### What to do
Using the data that follows, return exactly the lines from the one that contains "Contexto e design" through the one that contains "Pijamale barbati, Vienetta", ends included.

### Data to use
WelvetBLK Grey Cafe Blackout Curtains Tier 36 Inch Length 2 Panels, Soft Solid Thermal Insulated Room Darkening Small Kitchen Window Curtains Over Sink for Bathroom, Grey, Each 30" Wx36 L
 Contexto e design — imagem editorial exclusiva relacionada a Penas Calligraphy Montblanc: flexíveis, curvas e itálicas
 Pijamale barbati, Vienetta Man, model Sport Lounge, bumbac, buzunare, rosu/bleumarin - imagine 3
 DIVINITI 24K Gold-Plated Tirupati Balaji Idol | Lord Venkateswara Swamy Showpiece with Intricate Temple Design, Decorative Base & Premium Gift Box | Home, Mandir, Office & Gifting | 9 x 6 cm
==
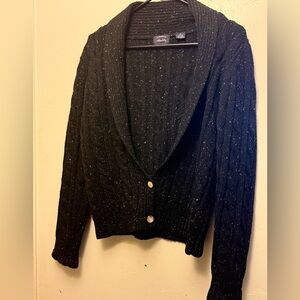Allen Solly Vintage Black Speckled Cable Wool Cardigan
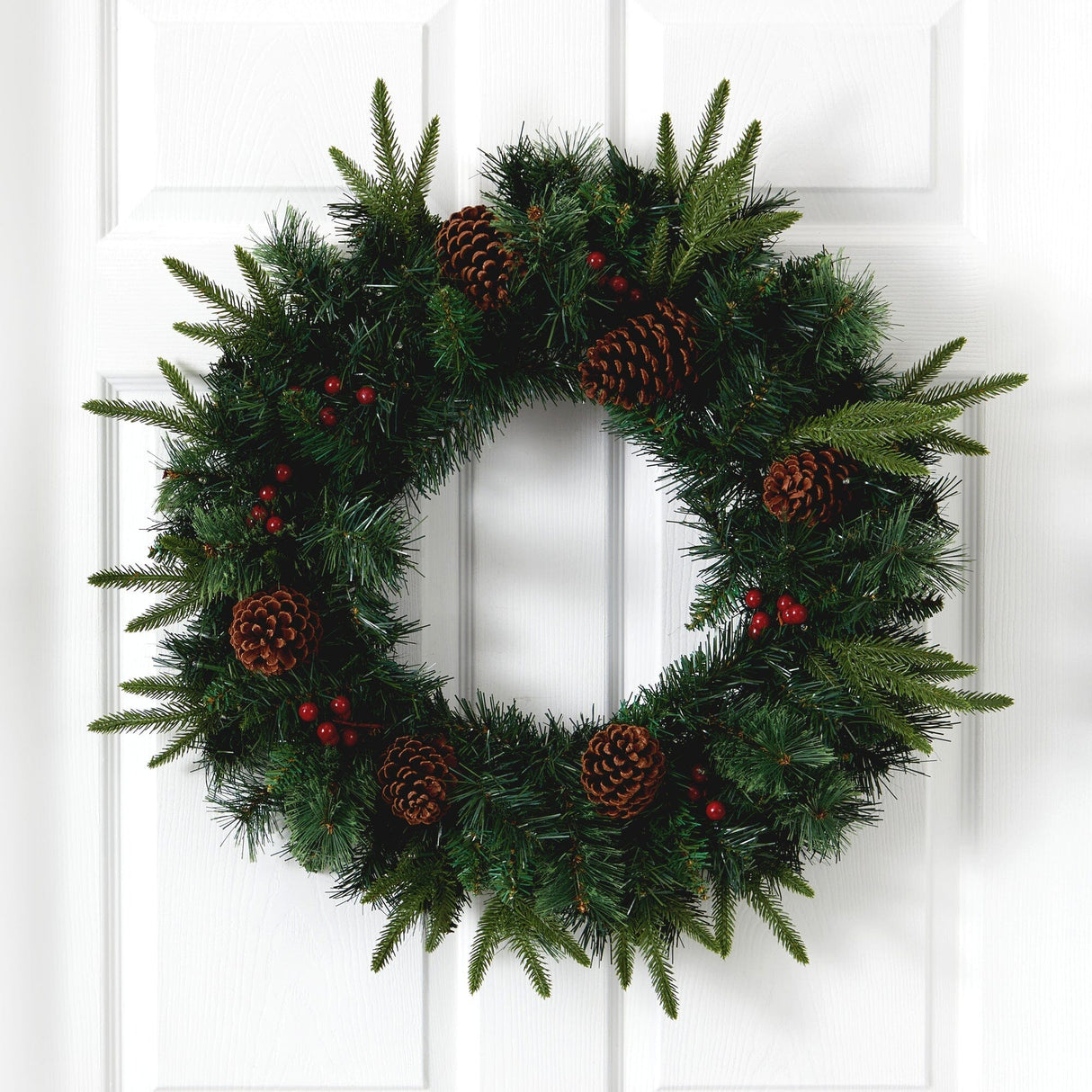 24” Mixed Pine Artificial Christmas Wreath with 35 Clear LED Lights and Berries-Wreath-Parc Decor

### Expected answer
 Contexto e design — imagem editorial exclusiva relacionada a Penas Calligraphy Montblanc: flexíveis, curvas e itálicas
 Pijamale barbati, Vienetta Man, model Sport Lounge, bumbac, buzunare, rosu/bleumarin - imagine 3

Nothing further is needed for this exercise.